Mandriva FlashはMandriva Linux 2007を基にした2GBのUSBスティックとしてデビューしたが、この12月にリリースされたものではスティックの容量を倍増、システムは最新のMandriva Linux 2008になった。使用されているUSBスティックは欧州の大手フラッシュメモリー・メーカーDane-Elec製で、5年間の保証付き。つまり、高品質のスティックをプレミアム付きで買うようなものだが、数週間使って失望するようなことはないだろう。
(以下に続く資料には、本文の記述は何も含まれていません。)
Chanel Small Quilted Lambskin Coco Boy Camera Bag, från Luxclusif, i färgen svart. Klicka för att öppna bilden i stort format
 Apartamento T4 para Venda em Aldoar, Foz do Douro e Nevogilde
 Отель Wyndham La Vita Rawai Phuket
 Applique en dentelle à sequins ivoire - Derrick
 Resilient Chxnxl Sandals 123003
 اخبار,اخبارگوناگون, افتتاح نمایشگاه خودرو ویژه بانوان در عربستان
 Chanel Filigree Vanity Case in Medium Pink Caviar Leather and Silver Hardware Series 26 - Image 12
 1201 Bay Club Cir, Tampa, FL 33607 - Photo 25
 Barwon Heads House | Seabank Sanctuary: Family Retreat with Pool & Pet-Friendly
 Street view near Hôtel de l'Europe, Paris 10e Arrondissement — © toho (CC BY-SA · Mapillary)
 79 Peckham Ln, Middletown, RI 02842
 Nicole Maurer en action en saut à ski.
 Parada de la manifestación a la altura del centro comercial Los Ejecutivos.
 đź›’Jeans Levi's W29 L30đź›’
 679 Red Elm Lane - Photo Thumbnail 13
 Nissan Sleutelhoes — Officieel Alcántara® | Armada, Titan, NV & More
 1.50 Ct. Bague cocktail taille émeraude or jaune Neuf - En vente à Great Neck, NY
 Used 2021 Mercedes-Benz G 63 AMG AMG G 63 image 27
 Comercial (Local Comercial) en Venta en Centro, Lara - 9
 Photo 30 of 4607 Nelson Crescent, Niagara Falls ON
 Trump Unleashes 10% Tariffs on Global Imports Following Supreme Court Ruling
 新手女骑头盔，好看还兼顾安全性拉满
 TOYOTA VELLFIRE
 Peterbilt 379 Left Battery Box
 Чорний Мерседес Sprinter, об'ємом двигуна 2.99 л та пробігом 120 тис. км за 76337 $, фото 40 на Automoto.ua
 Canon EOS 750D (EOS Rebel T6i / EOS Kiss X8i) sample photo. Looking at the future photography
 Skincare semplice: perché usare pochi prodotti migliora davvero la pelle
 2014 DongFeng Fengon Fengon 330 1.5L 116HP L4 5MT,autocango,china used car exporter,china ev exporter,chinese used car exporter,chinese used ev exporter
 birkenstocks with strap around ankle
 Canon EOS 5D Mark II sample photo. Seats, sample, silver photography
Mandriva Flashを起動するのは、USBデバイスから起動可能なコンピューターであれば簡単だ。USBが最初の起動デバイスになるようにBIOSを設定し、Mandriva Flashドライブを挿入して再起動するだけ。BIOSの設定方法がわからない人には、Mandrivaのサイトに詳細な手引きが用意されている。
コンピューターが古くUSBから起動できない場合、起動する方法は2つある。一つは、Mandriva Flashスティックのdocフォルダーにあるboot.isoイメージを使って起動用CDを作成する方法。USBポートを備えたコンピューターであれば、このCDを使ってほぼ間違いなくMandriva Flashを起動することができる。しかし、この方法は素晴らしくエレガントとは言い難い。Mandrivaも同感のようで、第2の方法としてezBootという新しいツールが用意されている。Windowsの下でMandriva Flashスティックを挿入すると簡易なランチャーが起動され、いくつかの機能を表示する。その中の一つ、「Mandriva Flashの起動」を選ぶと、ごく小さなブートローダーとおぼしきものがロードされ、コンピューターの起動時にWindowsとMandriva Flashのいずれを起動するか選択できるようになる。これはうまいやり方だが、大きな問題が1つある。ハードディスクにブートローダーが残ってしまうのだ。いつもMandriva Flashを使いたいのであれば大した問題ではないだろうが、不特定の人が使うコンピューターでこの方法は使えない。コンピューターを使おうとしたらWindowsが立ち上がらずに真っ黒な画面に訳のわからない選択肢が2つ表示されたとしたら、図書館の職員は面食らうだろう。ブートローダーを削除する簡単なツールがほしいところだ。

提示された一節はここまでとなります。